Revenue. Revenue historically has been derived from two sources: (1) royalties received from Econolite for sales of the Autoscope system in North America, the Caribbean and Latin America and (2) revenue received from direct sales of Autoscope systems in Europe and Asia. Royalties from Econolite historically have provided the majority of our revenue. We calculate the royalties using a profit sharing model where we split evenly the gross profit on sales of Autoscope product made through Econolite. This royalty arrangement has the benefit of decreasing our cost of revenues and our selling, marketing and product support expenses because these costs and expenses are borne primarily by Econolite. Although this royalty model has a positive impact on our gross margin, it also negatively impacts our total revenue, which would be higher if all the sales made by Econolite were made directly by us. The royalty arrangement is exclusive under a long-term agreement. Our acquisition of the RTMS product line, which we assemble, gives us an additional source of revenue that we expect will significantly increase our overall revenue and lessen fluctuations in our revenue from period to period due to our ownership of more than one product line and the higher volumes it brings, notwithstanding normal seasonality.
Cost of Revenue. There is no cost of revenue related to royalties, as virtually all manufacturing, warranty and related costs are incurred by Econolite. Cost of revenue related to direct product sales consists primarily of the amount charged by our third party contractors to manufacture the Autoscope and RTMS hardware platforms, which is influenced mainly by the cost of electronic components. The cost of revenue also includes logistics costs and estimated expenses for product warranties and inventory reserves. The key metric that we follow is achieving certain gross margin percentages by geographic region.
Operating Expenses. Our operating expenses fall into three categories: (1) selling, marketing and product support; (2) general and administrative; and (3) research and development. Selling, marketing and product support expenses consist of various costs related to sales and support of our products, including salaries, benefits and commissions paid to our personnel, commissions paid to third parties, travel, trade show and advertising costs, second-tier technical support for Econolite, and general product support, where applicable. General and administrative expenses consist of certain corporate and administrative functions that support the development and sales of our products and provide an infrastructure to support future growth.
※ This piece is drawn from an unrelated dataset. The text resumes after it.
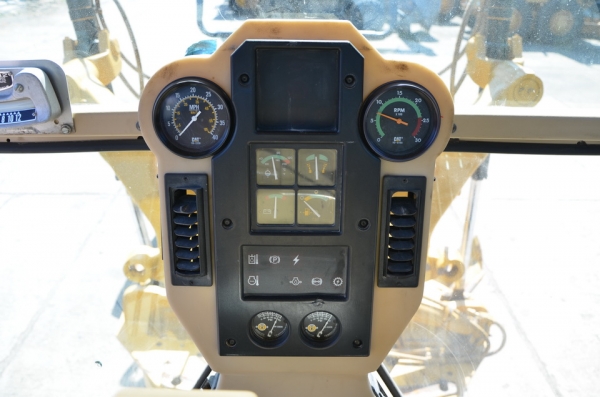 CATERPILLAR 140H S/N 2ZK081xx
General and administrative expenses reflect management, supervisory and staff salaries and benefits, legal and auditing fees, travel, rent and costs associated with being a public company, such as board of director fees, Sarbanes-Oxley compliance, listing fees and annual reporting expenses. Research and development expenses consist mainly of salaries and benefits for our engineers and third party costs for consulting and prototyping. We measure all operating expenses against our annually approved budget, which is developed with achieving a certain operating margin as a key focus. Also included in operating expenses is non-cash expense for intangible asset amortization.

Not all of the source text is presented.